For their study, the team pooled and re-analyzed results from studies published between 1990 and 2013 that had examined links between BMI and risk of death in people aged 65 and over.
Altogether, the analysis covered over 200,000 older people followed for an average of 12 years, and revealed, with reference to BMI in the range 23.0 to 23.9, that there was no increased risk of death for people in the overweight range, but:
- Risk of death increased by 12% when BMI was between 21 and 22 (near the middle of the healthy weight range)
- Risk of death increased by 19% when BMI was between 20 and 20.9 (still within the healthy weight range)
- Risk of death increased by 8% when BMI was between 33 and 33.9 (in the obese range).
Prof. Nowson says for people aged 65 and over, by the WHO standards, being overweight is not associated with an increased risk of death, and that “it is those sitting at the lower end of the normal range that need to be monitored, as older people with BMIs less than 23 are at increased risk of dying.”
She suggests advice on ideal body weight for older people should take into account factors other than BMI, and:
“Factors such as chronic diseases and the ability to move around need to be considered as there is no real issue with being in the overweight range unless it is preventing people from moving around freely.”

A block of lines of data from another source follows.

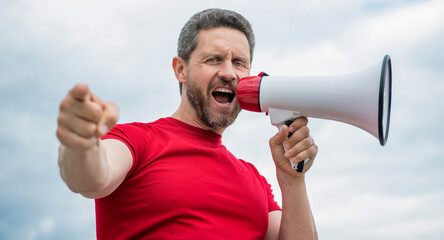man in red shirt shout in loudspeaker on sky background. vacancy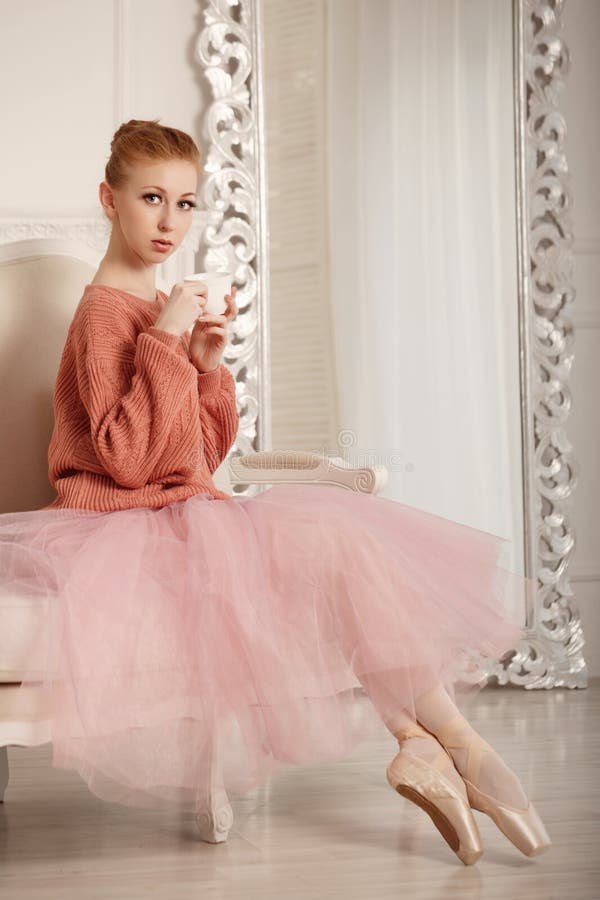 Pretty young ballerina tea drinkers. Ballerina in tutu and pink sweater. Time to drink tea. Pretty young ballerina tea drinkers. Ballerina in tutu and pink sweater. Time to drink tea.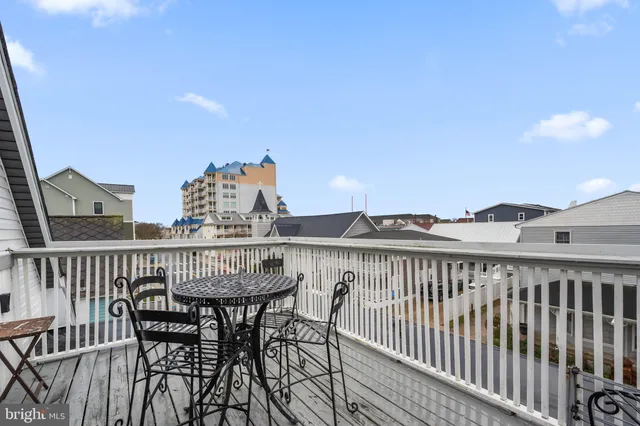 a bedroom with furniture and a wooden floor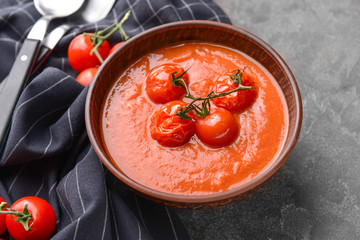 Bowl of tasty tomato cream soup on grey background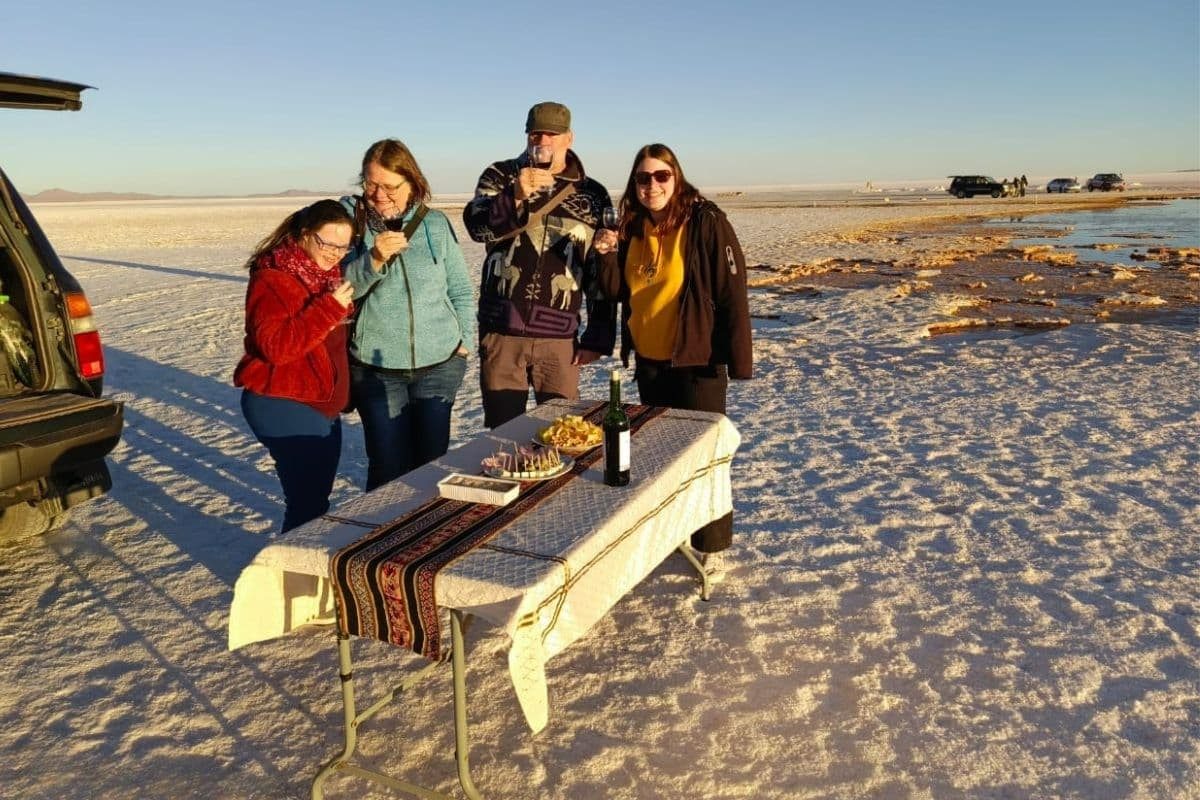 Brindis con vino y snacks en mesa decorada frente al Salar de Uyuni durante el tour de Bolivian Full Explorer.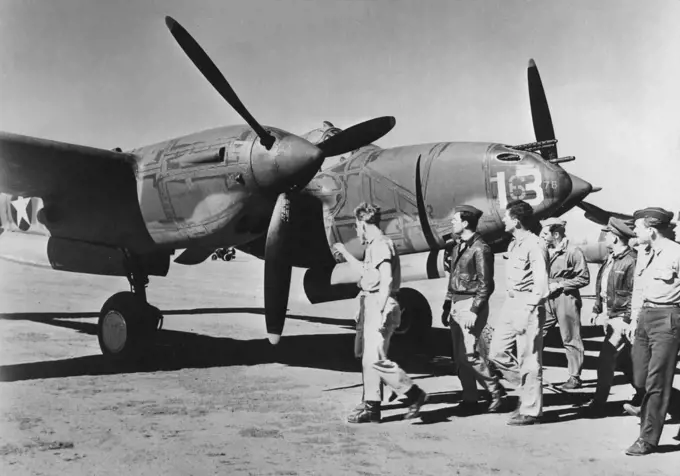 New U.S. Planes Arrive In Australia -- American fighter pilots inspect a newly arrived P-38 "Lightning", one of a large shipment of the U.S. fighter-interceptors which arrived recently in Australia. The P-38's, which had already seen service against the Axis in Europe and Africa, base their offensive strength on (1) high altitude performance, (2) speed in excess of 400 miles per hour and (3) strong firepower, including heavy machine guns and automatic cannon. February 22, 1943. (Photo by Interph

She says older people need to get off the weight loss bandwagon and focus instead on getting a balanced diet, eating when hungry and keeping active.
She says there is a real risk of malnutrition among older people from putting too much emphasis on dietary restrictions.
“Malnutrition in older people is not well recognised as this can occur even when BMI is in the overweight range,” she adds.
Meanwhile, Medical News Today recently reported a study that found extreme loneliness is a risk factor for premature death in seniors. The University of Chicago research found loneliness was tied to a 14% higher risk of death making it nearly as potent as disadvantaged socioeconomic status, which carries a 19% increased risk of early death.